I was just standing there. I realized a lot of things, but never this. You would'nt know what I'm talking about.
Not really.
My dyslexic mind.
I could have chosen alot of things. But that was my biggest mistake.
I hate it so much it brings tears to my eyes. I get this growing feeling, right in the back of my mind.
Tears fall, without realizing, but I still don't understand.
If I can't find what I seek within myself, I'll never find it without.
That's easy enough. But when I don't know what I'm looking for...
Identity... every time it happens, everytime feel I'm someone, I get brought down.
I duck my head and pretend I don't get it, but who can ignore that?
No one. It's not something that can be ignored. They don't even understand.
I thought...What if it were to switch. Fingers twitch at the vision. Rage bubbles to the surface, no one notices. They don't either. They can't tell.
You don't get it.
If I were to say everything I wanted, If I were to reveal myself to you...
I would'nt exist.
You don't understand, do you?
Dyslexic mind, indeed.
Sometimes...I dunno, I wonder if things could somehow go differently. Maybe I could STOP the pain that never ceases, and I could break free from my insecurities. But then I remember all the secrets I keep, and the past I hide, even from the people who think they know me the best.

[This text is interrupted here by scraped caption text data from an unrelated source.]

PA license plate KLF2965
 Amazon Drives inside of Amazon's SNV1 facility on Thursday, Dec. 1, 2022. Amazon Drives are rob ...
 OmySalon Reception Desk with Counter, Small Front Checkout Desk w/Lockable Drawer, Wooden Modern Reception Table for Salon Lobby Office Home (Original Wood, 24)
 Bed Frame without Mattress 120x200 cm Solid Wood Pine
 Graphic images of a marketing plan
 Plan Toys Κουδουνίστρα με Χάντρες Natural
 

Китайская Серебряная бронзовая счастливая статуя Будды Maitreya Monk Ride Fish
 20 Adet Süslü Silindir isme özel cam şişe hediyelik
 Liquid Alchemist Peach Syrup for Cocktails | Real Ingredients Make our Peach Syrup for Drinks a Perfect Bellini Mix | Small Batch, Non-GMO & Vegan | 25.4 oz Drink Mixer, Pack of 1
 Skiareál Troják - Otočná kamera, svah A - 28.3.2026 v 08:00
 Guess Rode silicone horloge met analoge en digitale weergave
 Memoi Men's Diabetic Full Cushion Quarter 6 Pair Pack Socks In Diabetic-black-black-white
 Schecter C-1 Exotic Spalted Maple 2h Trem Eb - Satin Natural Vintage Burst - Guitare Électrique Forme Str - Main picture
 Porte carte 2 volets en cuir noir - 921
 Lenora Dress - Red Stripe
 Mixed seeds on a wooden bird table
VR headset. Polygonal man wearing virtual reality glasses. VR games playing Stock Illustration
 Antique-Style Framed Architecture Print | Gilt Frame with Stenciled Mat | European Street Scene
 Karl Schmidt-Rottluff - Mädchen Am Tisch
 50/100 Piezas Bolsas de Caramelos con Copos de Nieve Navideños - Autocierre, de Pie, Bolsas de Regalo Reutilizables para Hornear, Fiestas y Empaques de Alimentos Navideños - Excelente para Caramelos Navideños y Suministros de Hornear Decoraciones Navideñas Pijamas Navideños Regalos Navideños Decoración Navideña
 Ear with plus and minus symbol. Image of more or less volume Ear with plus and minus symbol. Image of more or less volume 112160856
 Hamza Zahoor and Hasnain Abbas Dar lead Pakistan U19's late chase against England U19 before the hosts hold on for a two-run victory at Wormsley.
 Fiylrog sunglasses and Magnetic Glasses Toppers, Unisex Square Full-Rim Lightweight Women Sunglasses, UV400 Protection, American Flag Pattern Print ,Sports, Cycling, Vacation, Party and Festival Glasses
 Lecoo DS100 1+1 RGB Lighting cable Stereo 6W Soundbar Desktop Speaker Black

I know most of the time people put on a facade, to hide themselves, but only because I do too. We're only human after all. So what do we do? We play this mindless game, where you, yeah you, are forced to run around a prove that you're gonna be something. And that something, you have a limited choice over what it is. It's obvious there's so much more than that. I often wonder why people let themselves be manipulated like that. So if I tell the story right, it'd have to be the truth. The truth can be twisted so many ways, it all depends on the pawn.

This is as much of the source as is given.